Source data
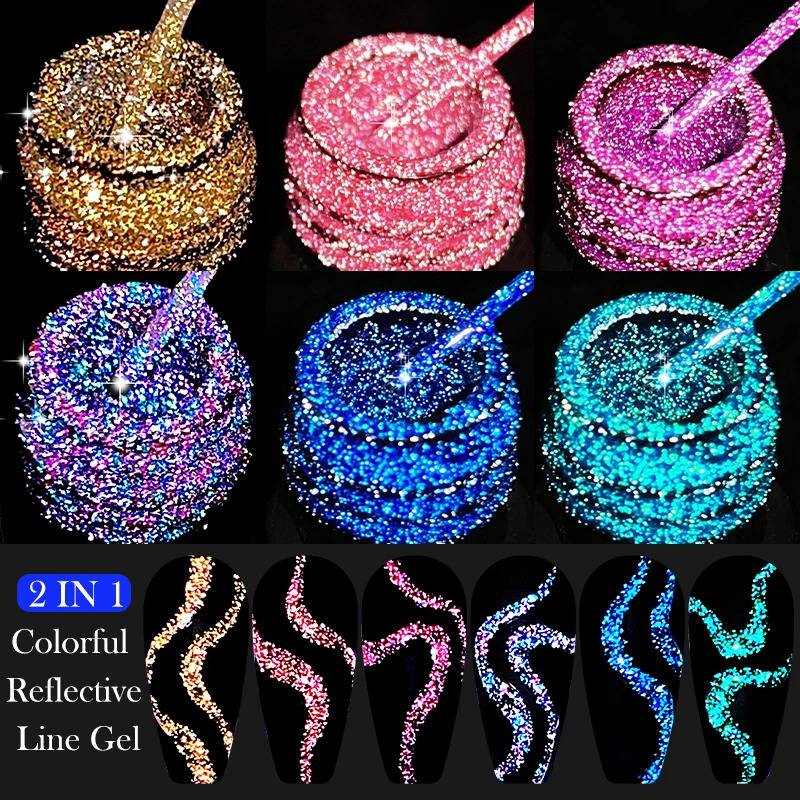 LILYCUTE 5ml Reflective Glitter Liner Gel Nail Polish Superflash Colorful Sparkling Graffiti Painting Stripe Pull Line Nail Gel 240625
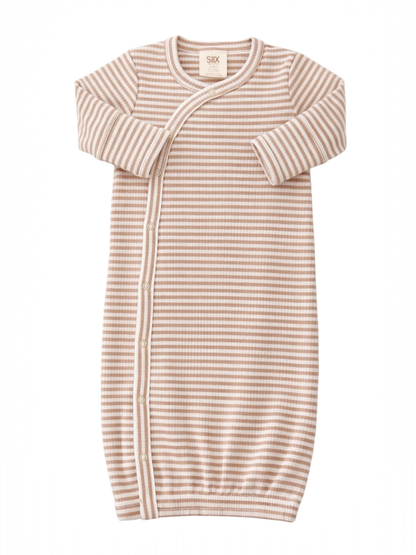 Tan stripe ribbed knotted baby gown - view 2
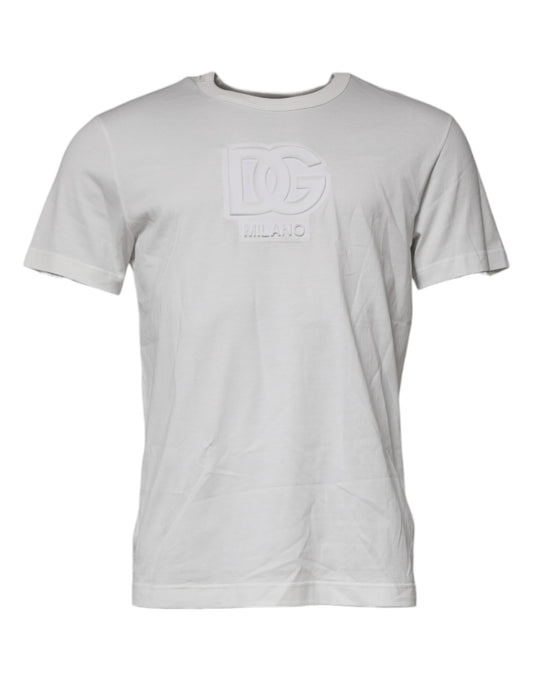 Dolce & Gabbana White DG Logo Cotton Crew Neck T-shirt by Dolce & Gabbana
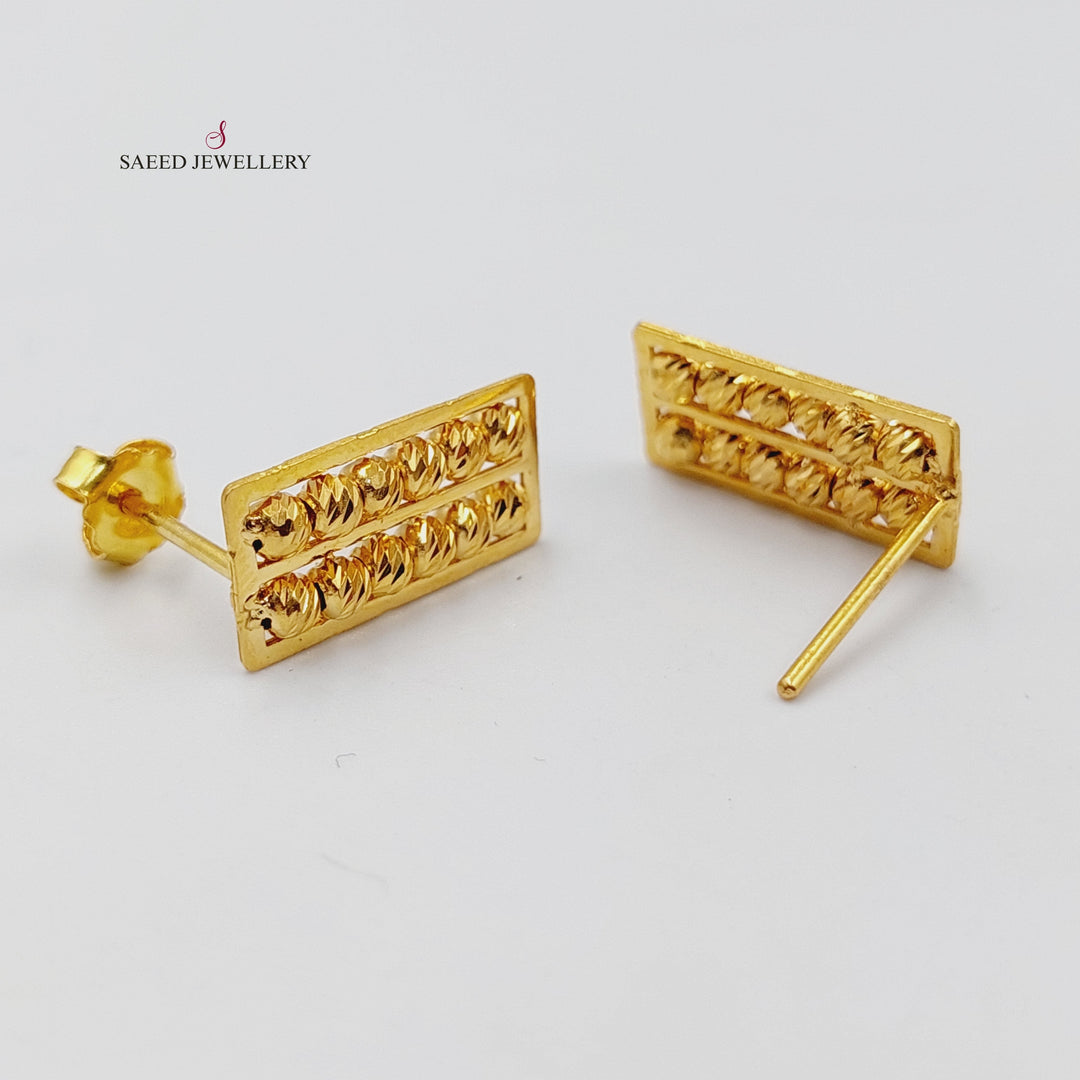 Deluxe Balls Earrings  Made Of 21K Yellow Gold by Saeed Jewelry-30015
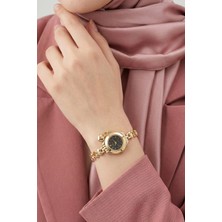 inStyle Gold-Siyah Kalp Kordonlu Kadın Kol Saati
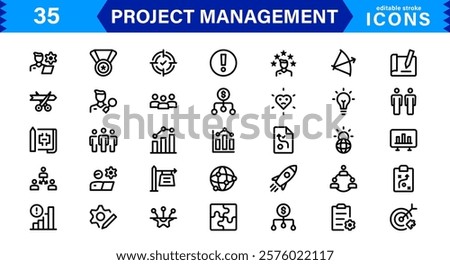 Vector Icons for Project Management. Sleek Designs for Scheduling, Team Collaboration, and Tracking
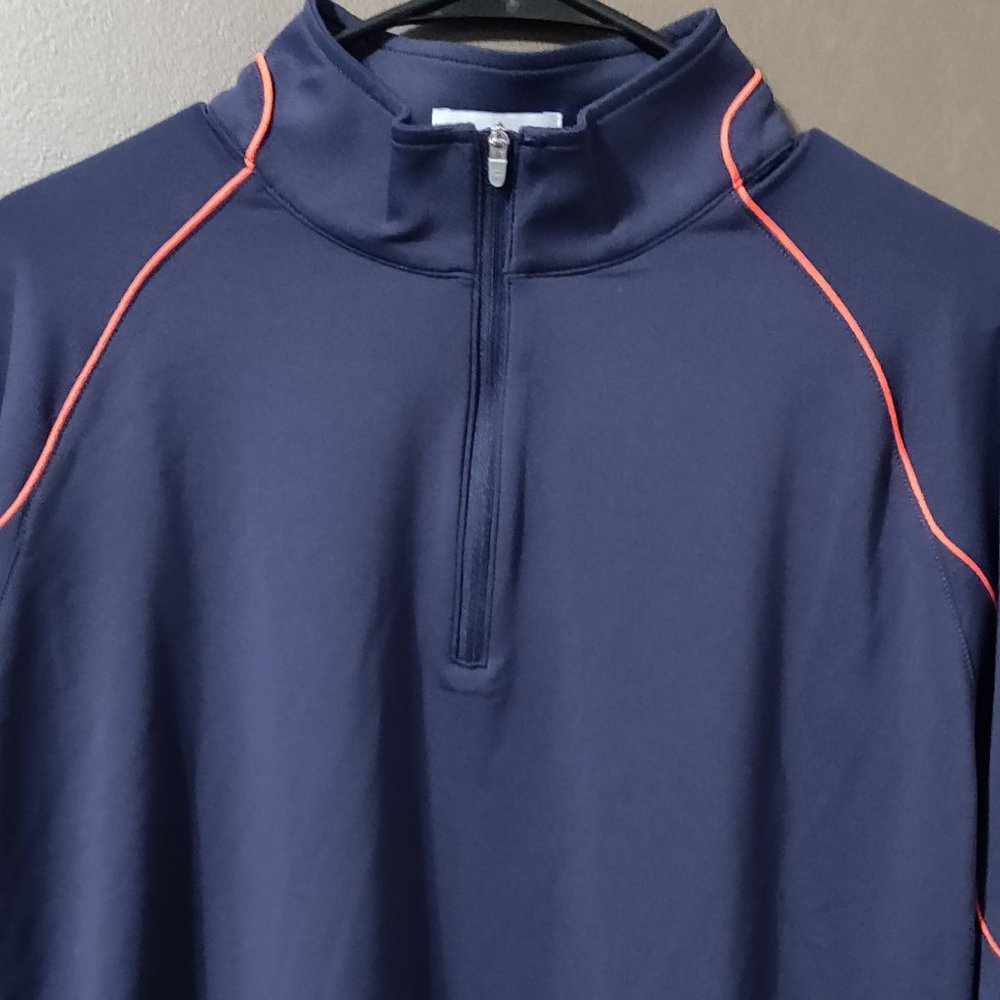 Peter Millar Navy Blue Shirt with Orange Accents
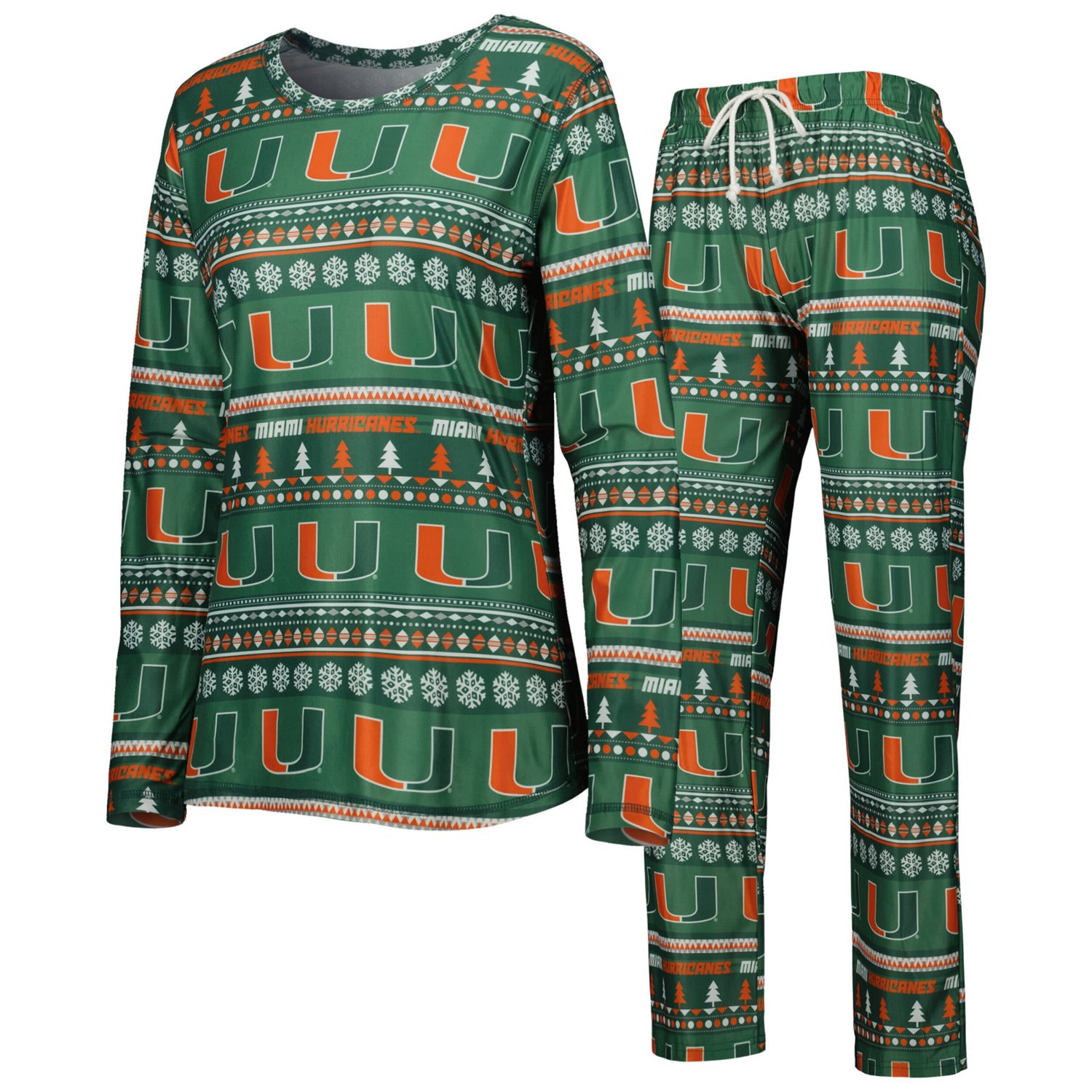 Concepts Sport Miami Hurricanes Holiday Long Sleeve T-Shirt and Pants Sleep Set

● About this exercise:
Leave every picture out and copy precisely the lines from the one containing "Deluxe Balls Earrings" through the last line of the data above, both ends included.

● Written response:
 Deluxe Balls Earrings  Made Of 21K Yellow Gold by Saeed Jewelry-30015
 inStyle Gold-Siyah Kalp Kordonlu Kadın Kol Saati
 Vector Icons for Project Management. Sleek Designs for Scheduling, Team Collaboration, and Tracking
 Peter Millar Navy Blue Shirt with Orange Accents
 Concepts Sport Miami Hurricanes Holiday Long Sleeve T-Shirt and Pants Sleep Set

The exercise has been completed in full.